Many matters were discussed, ranging from the limits of collective behavior and the role of communication in emergence, to the compatibility between experiments and theory of collective behavior. Examples can be found in both natural and artificial environments, even combinations with varying degrees of active motion. This adds to the challenge of defining valuable, even if not accurate, models. At the core, collective behavior highlights how the system can be much more than just the sum of individual entities.
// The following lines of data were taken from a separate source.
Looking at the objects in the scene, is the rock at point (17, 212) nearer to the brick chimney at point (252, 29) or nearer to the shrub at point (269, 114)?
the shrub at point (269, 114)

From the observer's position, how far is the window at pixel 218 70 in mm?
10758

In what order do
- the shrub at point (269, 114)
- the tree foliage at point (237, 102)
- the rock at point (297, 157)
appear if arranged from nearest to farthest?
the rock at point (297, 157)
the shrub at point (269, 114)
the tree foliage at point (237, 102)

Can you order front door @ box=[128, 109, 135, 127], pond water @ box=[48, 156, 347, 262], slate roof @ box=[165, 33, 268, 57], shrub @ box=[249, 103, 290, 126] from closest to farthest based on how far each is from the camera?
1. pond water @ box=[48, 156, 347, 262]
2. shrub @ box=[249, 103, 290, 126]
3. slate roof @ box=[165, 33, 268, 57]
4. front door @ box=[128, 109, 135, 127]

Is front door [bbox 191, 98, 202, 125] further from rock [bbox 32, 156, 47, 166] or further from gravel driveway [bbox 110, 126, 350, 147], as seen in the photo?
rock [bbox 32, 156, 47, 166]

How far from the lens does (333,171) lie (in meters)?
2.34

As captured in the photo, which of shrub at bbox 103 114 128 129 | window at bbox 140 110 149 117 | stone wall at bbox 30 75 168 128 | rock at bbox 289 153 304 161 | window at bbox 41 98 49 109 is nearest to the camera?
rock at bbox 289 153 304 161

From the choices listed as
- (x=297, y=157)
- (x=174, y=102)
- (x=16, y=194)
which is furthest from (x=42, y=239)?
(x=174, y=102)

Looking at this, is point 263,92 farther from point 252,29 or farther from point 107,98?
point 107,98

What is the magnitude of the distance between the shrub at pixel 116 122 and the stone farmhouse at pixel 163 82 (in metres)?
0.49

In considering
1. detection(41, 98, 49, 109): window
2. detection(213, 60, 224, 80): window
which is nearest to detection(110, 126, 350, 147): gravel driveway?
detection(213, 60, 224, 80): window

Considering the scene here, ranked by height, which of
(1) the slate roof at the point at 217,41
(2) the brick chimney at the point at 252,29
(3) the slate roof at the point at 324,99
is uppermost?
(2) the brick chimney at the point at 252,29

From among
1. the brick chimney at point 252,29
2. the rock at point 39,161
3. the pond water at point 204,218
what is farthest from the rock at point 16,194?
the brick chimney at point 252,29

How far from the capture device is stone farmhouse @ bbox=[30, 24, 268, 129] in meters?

The first round table in the theoretical training gave a chance to start an interesting discussion which will continue in the following meetings.
The organizing ESRs were Ayten Gülce Bayram, Laura Natali, Liam Ruske, Jérémie Bertrand, Davide Breoni and Audrey Nsamela. They welcomed and introduced the three guests of the session: Nuno Araújo from the University of Lisbon, Jan Wehr from the University of Arizona and Denis Bartolo from École normale supérieure de Lyon.
The round table started with a personal question to the speakers about their interests and motivations for working in theoretical active matter. Having different backgrounds, the answers were very different, Nuno was attracted by non-intuitive behaviors observed in active matter experiments, while Jan started from a purely mathematical point of view and then moved towards physics of active systems. Denis provided another motivation, being head of a lab that deals with both theory and experiments.
The following discussion focused on the interaction and hierarchy between theory, simulations, and experiments. They all agree that establishing a constructive collaboration with experimental groups is not easy, but at the same time, it can have many benefits for both sides. However, none of the three elements is necessary for the others: a good paper can be presenting a theory not connected with experiments, even if its possible applications are not foreseeable yet. Denis firmly pointed out the difference between the observations and the tools (theoretical, numerical, and experimental) employed to explain it.
We also had a few more specific questions for the speakers, such as the distinctions in thinking between mathematicians and theoretical physicists, the possible applications to financial markets, and the differences in modeling artificial flocks and human crowds, which are often controlled by non-hydrodynamic variables.
We concluded the meeting by asking every one of our guests their tips for communicating the theory of active matter to a larger public. Here the answers were more relaxed and can be summed up as: trying to avoid technical and mathematical details while explaining the importance of the research problems, also using more familiar examples such as simulations employed in animation movies.